Novel by Sonya Hartnett

Surrender is a novel written by the award-winning Australian novelist, Sonya Hartnett. It was first published in 2005 in Australia by Walker Books. It is narrated by twenty-year-old Gabriel, who is dying, and twenty-year-old Finnigan, a homeless boy who is Gabriel's only friend.

==Plot==
Seven-year-old Anwell lives in a prestigious but coldly distant family with a mother who is always sick and a father who punishes him with physical abuse. Anwell has no friends and is on a very tight leash. He is sitting in the back yard one day when he meets wild boy his age named Finnigan, his alter-ego or second personality. Anwell now named Gabriel is never ready to be angry and never to fight. Finnigan always ready be angry and to fight. If Gabriel (Anwell) wants revenge or anything bad done, he asks Finnigan to do it for him.

Finnigan becomes Anwell's only friend, and Anwell confides in him what he has never told anyone else, of how he accidentally killed his handicapped older brother Vernon.
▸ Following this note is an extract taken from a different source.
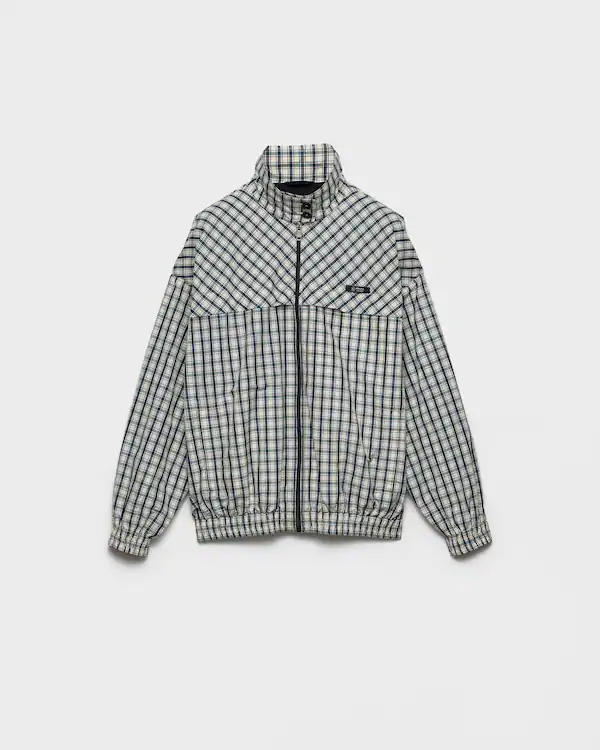 Jaqueta blouson xadrez chambray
His brother, though he was three years older than Anwell, "was never the elder of us". His parents, disgraced and humiliated by Vernon, refuse to take care of him, leaving Anwell to do the job at the young age of seven. Enjoying his task, Anwell routinely feeds, washes, and entertains his brother. One Sunday, while his father is out to church and his mother is sleeping due to a migraine, Anwell is again taking care of Vernon. When Anwell is trying to feed Vernon, he refuses, would not stop crying, and scratches Anwell on his cheek, drawing blood. Out of frustration, and anxiety their mother will wake up and be irate, Anwell puts fabric in Vernon's mouth to quiet him and throws his brother in a refrigerator.
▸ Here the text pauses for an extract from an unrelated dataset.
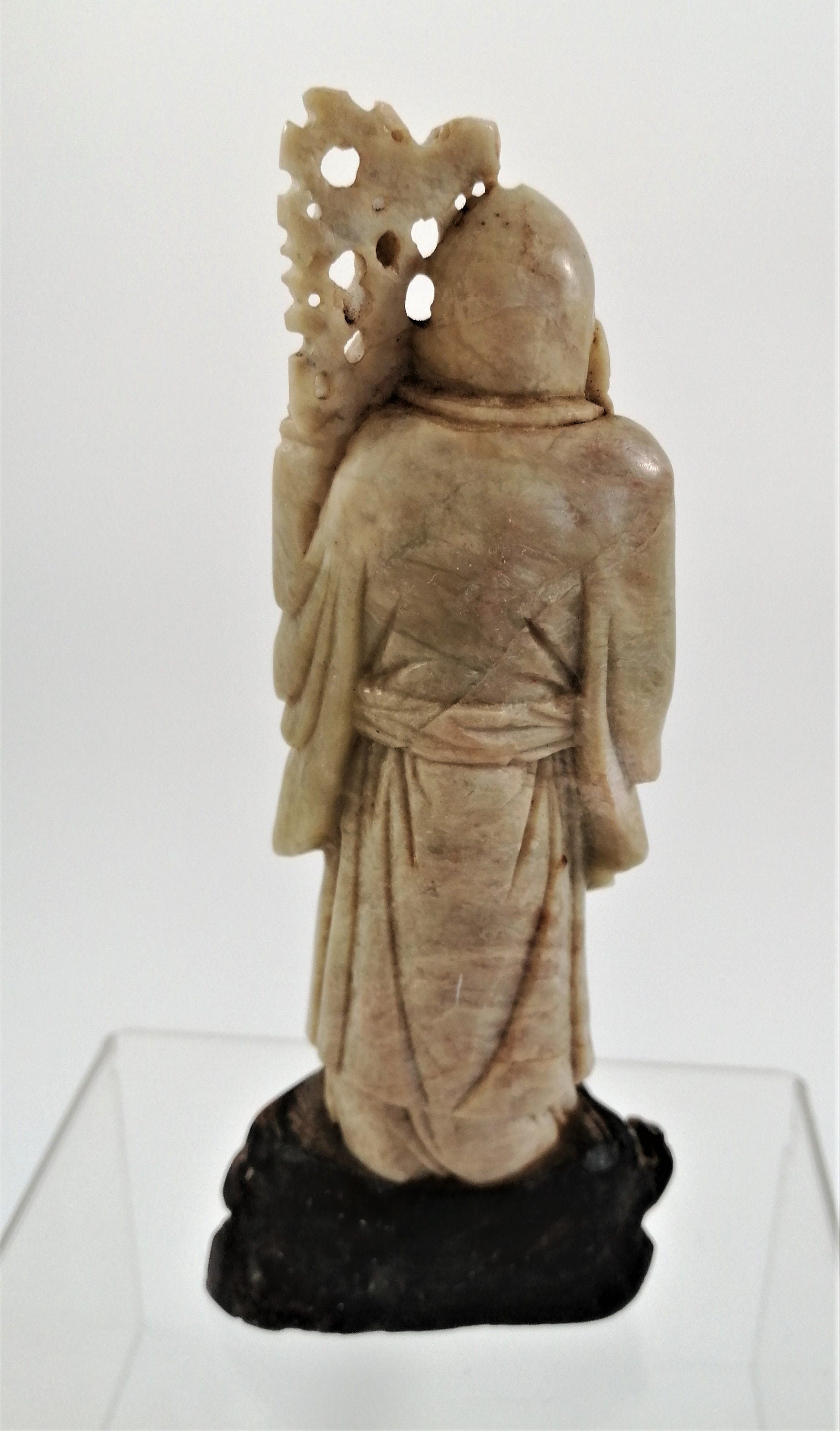 Antique Carved Soapstone Shou Figurine: Chinese God of Longevity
Finnigan becomes the town arsonist, lighting the town aflame piece by piece in an act of revenge for Gabriel, but Finnigan is soon out of control and the only way for Gabriel to stop Finnigan is for Gabriel to kill himself at the young, "martyr's age" of twenty by condemning himself to a mentally caused illness.

==Author's Summary==

As life slips away, Gabriel looks back over his brief twenty years, which have been clouded with frustration and humiliation. A small town and distant parents ensure that he is never allowed to forget the horrific mistake he made as a child. He has only two friends - his dog, Surrender, and the wild boy, Finnigan, with whom he made a boyhood pact. When a series of arson attacks grips the town Gabriel realizes how dangerous Finnigan is and that only the most extreme measures will rid Gabriel of him for good.

==Awards==
Surrender received recognition as a 2007 Best Book for Young Adults from the American Library Association
and was a Michael L. Printz Honor Book.